Habitual 04-16-2017 03:54 PM

I use whatever tools I'm given.

astrogeek 04-16-2017 04:46 PM

Given post #8's suggestion of a fifth choice, I would suggest a sixth choice:

Quote:

Because I care, systemd is now irrelevant to my use
...which is not the same as, "Couldn't care less".

Systemd was a choice, albeit an intrusive one.

I saw it (and a few other trends) as a de facto fork away from my chosen computing philosophy and best practices, which I will simply describe as Unix-like.

As such, I rejected those forks and continue my own uses along the un-forked path, by using and supporting those OSes and projects which have also chosen the un-forked, Unix-like path (Slackware and FreeBSD in my case).

So, it is simply irrelevant to me now.

Those still conflicted as if we were all locked in a fight to the death with systemd have not yet made their own choice.

They should either accept it, or reject it and continue along their chosen path in peace.

ChuangTzu 04-16-2017 07:28 PM

Quote:

Originally Posted by astrogeek (Post 5697795)
Given post #8's suggestion of a fifth choice, I would suggest a sixth choice:



...which is not the same as, "Couldn't care less".

Systemd was a choice, albeit an intrusive one.

I saw it (and a few other trends) as a de facto fork away from my chosen computing philosophy and best practices, which I will simply describe as Unix-like.

As such, I rejected those forks and continue my own uses along the un-forked path, by using and supporting those OSes and projects which have also chosen the un-forked, Unix-like path (Slackware and FreeBSD in my case).

So, it is simply irrelevant to me now.

Those still conflicted as if we were all locked in a fight to the death with systemd have not yet made their own choice.

They should either accept it, or reject it and continue along their chosen path in peace.

This right here

Keith Hedger 04-16-2017 07:36 PM

'tis the devils work! burn the witch!

frankbell 04-16-2017 08:52 PM

I've used several distros with SystemD and it works fine for me.

I don't like the idea of having to learn it, because I'm lazy, but so far it's been quite well-behaved.

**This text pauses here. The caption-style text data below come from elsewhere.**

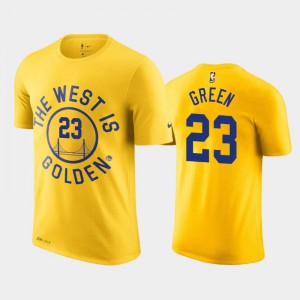 Men Draymond Green #23 Hardwood Classics Golden State Warriors Yellow T-Shirt 370115-613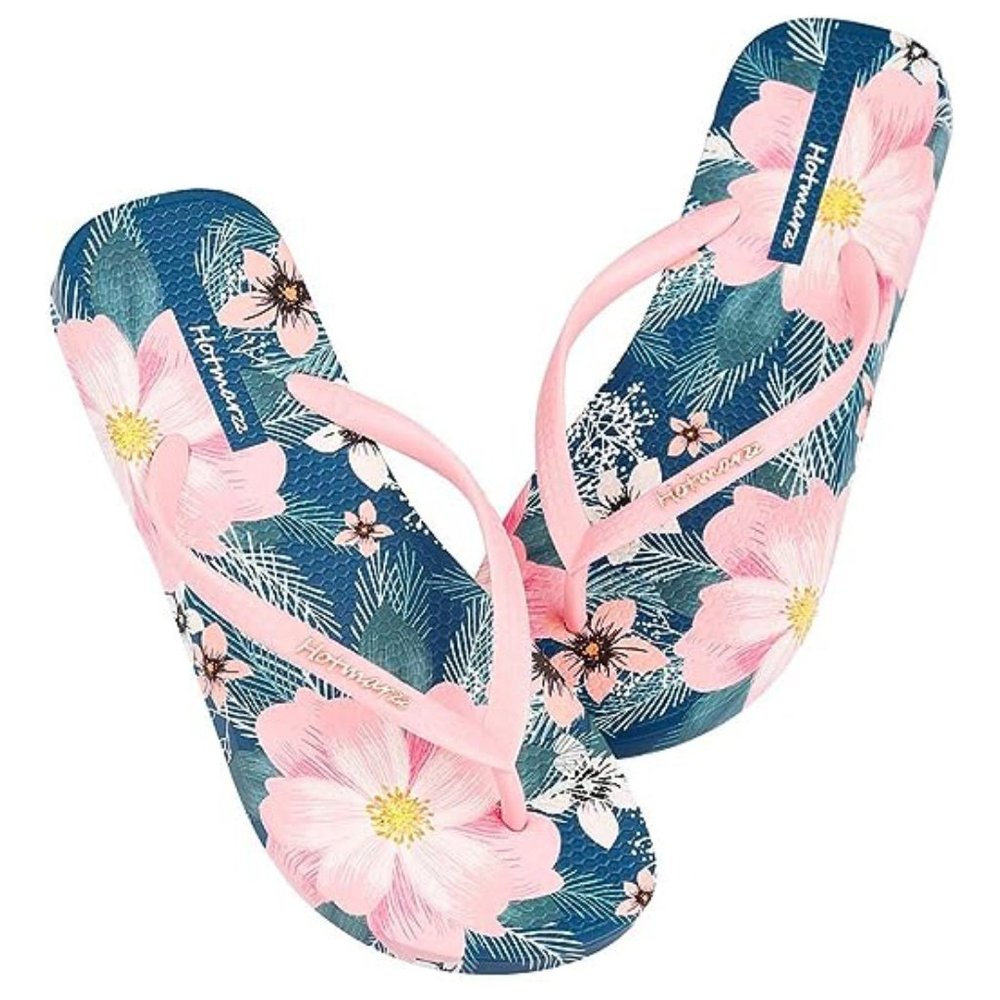 Hotmarzz Women Flower Sandals Colorful Flip Flops Beach Slippers - Pink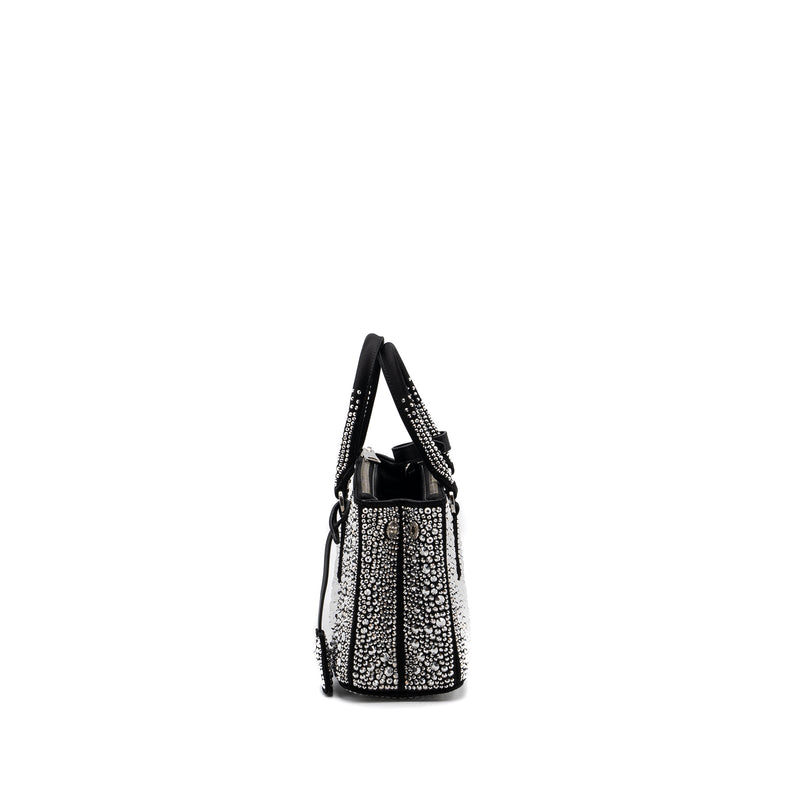 Prada Galleria Satin Mini Bag With Crystal Black SHW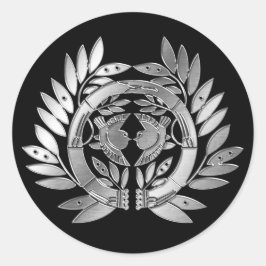 Datum Clan Kamon Silver Chrome Ronde Sticker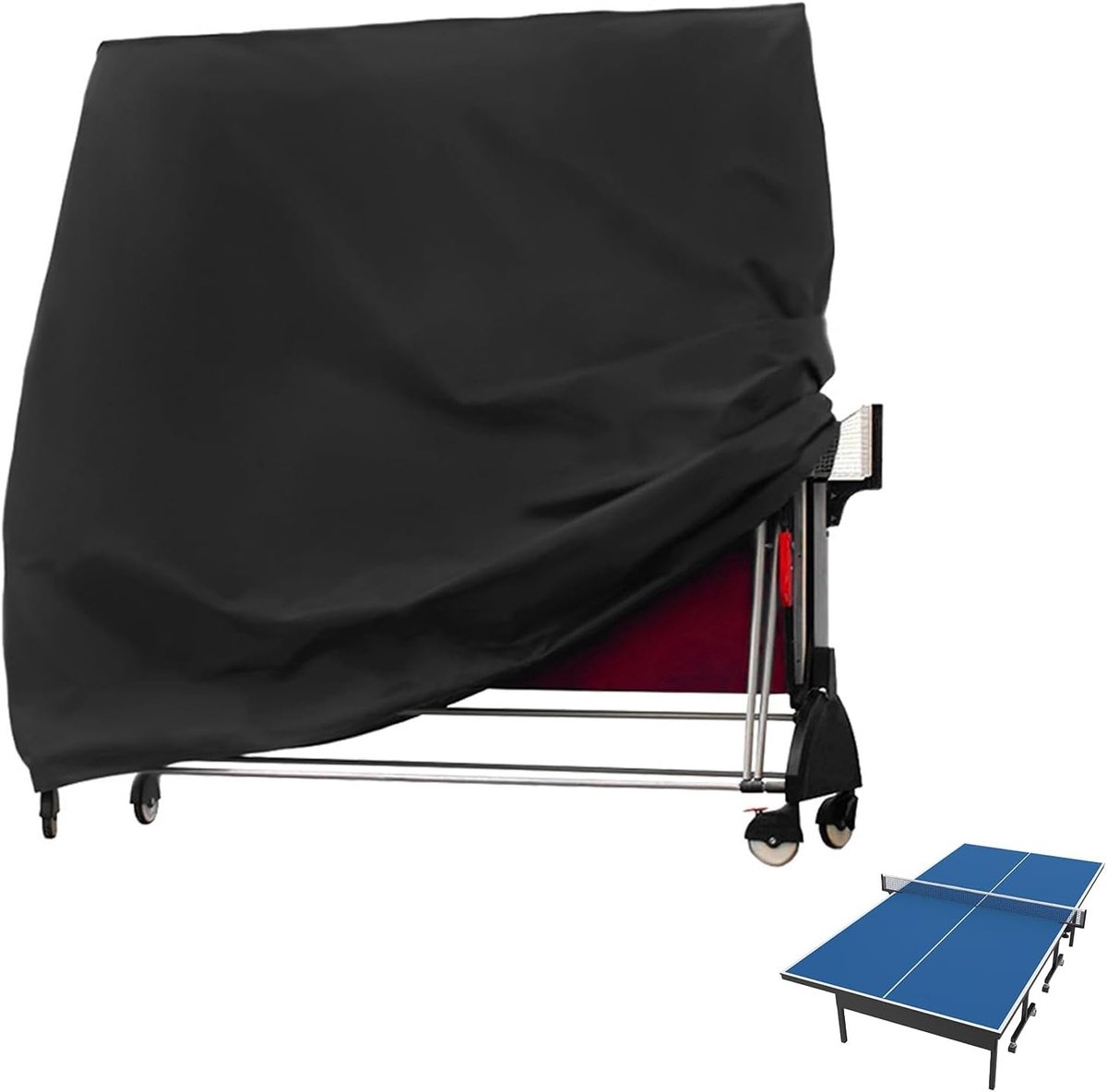 Buitentafeltennis Tafelbescherming: Waterdicht, Windbestendig en UV-bestendig Oxford Stof, Beschermhoes voor Tafeltennistafel - 185×70×165cm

Plus a sysadmin I know tells me that, in the context of his moderate-sized network, it makes startup noticeably smoother.

Turbocapitalist 04-17-2017 12:56 AM

Quote:

Originally Posted by HMW (Post 5697668)
No offense, but do we really need yet another debate on this, seven years after the initial release?

There wasn't really any debate. The systemd crowd just shouted down or went ad hominem against any opposition and was eventually able to turn one key person on the Debian technical committee, creating a cascade to all the downstream distros. But that is water under the bridge.

What makes systemd a relevant problem today are several factors. Here are two, to keep it short.' One is that Ubuntu is doubling down on the GNOME 3 disaster and that is tied to systemd and will likely increase systemd dependencies in unrelated packages, making it harder for clean distros to progress as they spend more time cleaning packages. Another is that systemd still, seven years after the initial release, has not hit alpha stage yet. Features and many misfeatures are still being added and not finished.

rokytnji 04-17-2017 01:33 AM

Quote:

@ rokytnji
given that the poll has 50% hate it your asking people to reopen old threads
Control freaks always make me thirsty. I think I'll have another beer.